Uma vez que assumiu este combate prático e urgente, o MPL não deixou em nenhum momento de destacar seu objetivo estratégico: a tarifa zero, o transporte público gratuito. Para eles é preciso, segundo a Carta de Princípios, “retirar o transporte público do setor privado colocando-o sob o controle dos trabalhadores e da população”. É o que os militantes do MPL chamam “perspectiva classista” de sua luta. É uma exigência de justiça social elementar: o preço do transporte é proibitivo para as camadas mais pobres da população, que vivem nas periferias degradadas das grandes cidades, e dependem do transporte público para trabalhar ou estudar. É uma reivindicação que interessa diretamente aos jovens, aos trabalhadores, às mulheres, aos habitantes das favelas, ou seja, a grande maioria da população urbana.

Mas a tarifa zero também é uma pauta profundamente subversiva e antissistema, no sentido do que se poderia chamar um método de programa de transição: como observa a carta de princípios “deve-se construir o MPL com reivindicações que ultrapassem os limites do capitalismo, vindo a se somar a movimentos revolucionários que contestam a ordem vigente”. É um simpático exemplo do que o filósofo marxista Ernst Bloch chamava utopia concreta.
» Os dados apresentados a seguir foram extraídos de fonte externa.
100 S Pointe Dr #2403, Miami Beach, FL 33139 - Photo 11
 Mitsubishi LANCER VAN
Certamente há cidades no Brasil ou na Europa em que esta proposta pôde se realizar. Numerosos estudos especializados demonstram que ela é completamente possível, sem causar déficit às administradoras locais. Não deixa de fazer sentido que a gratuidade é um princípio revolucionário, que se contrapõe à lógica capitalista, na qual tudo deve ser uma mercadoria; é, portanto, um conceito insuportável, inaceitável e absurdo para a razão mercantil do sistema. Mais ainda quando, como propõe o MPL, a gratuidade dos transportes é um precedente que pode abrir caminho à gratuidade de outros serviços públicos: educação, saúde, etc. De fato, a gratuidade é o presságio de uma sociedade diferente, baseada em outros valores e outras regras diferentes das do mercado e da ganância capitalistas. Daí a resistência desesperada das “autoridades”, tanto conservadoras, como neoliberais, “reformistas”, de centro ou social-liberais.
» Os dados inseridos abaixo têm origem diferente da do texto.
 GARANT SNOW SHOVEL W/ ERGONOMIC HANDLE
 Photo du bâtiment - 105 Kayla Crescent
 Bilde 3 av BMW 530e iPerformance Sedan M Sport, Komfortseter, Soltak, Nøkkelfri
Existe ainda outra dimensão da reivindicação pelo transporte gratuito, que até o momento não foi suficientemente defendida pelo MPL (mas que começa a se dar conta): o aspecto ecológico. O atual sistema, totalmente irracional, de desenvolvimento ilimitado do uso do carro individual, é um desastre pelo ponto de vista da saúde dos habitantes das grandes cidades – milhares de mortos por causa da poluição do ar diretamente provocada pelos escapamentos – e pelo ponto de vista ambiental. Como se sabe, o carro é um dos principais emissores de gás com efeito estufa, responsável pela catástrofe ecológica das mudanças climáticas. O carro continua sendo, desde o fordismo até hoje, a mercadoria de destaque do sistema capitalista mundial; consequentemente, as cidades estão completamente organizadas em função da circulação de automóveis. Agora bem, todos os estudos mostram que um sistema de transporte coletivo eficaz, universal e gratuito, permitiria reduzir significativamente o uso do transporte individual. O que esta em jogo não é só o preço da passagem de ônibus ou de metrô, mas outro modo de vida urbana, sensivelmente, outro modo de vida.
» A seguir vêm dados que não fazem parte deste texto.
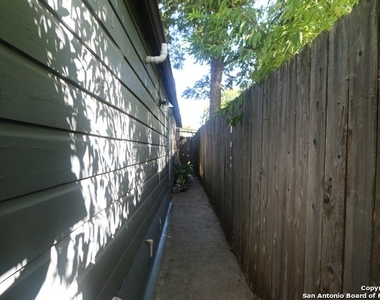 135 Corona Ave - Photo Thumbnail 4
Em resumo: a luta pelo transporte público gratuito é, de uma só vez, um combate pela justiça social, pelos interesses dos jovens e dos trabalhadores, pelo princípio da gratuidade, pela saúde pública, pela defesa dos equilíbrios ecológicos. Permite que se formem amplas frentes e se abram brechas na irracionalidade do sistema mercantil. Não deveríamos, na França e em toda a Europa, nos inspirar no exemplo do MPL impulsionando em nossas cidades movimentos amplos, unitários, autônomos, de luta pela gratuidade dos transportes públicos?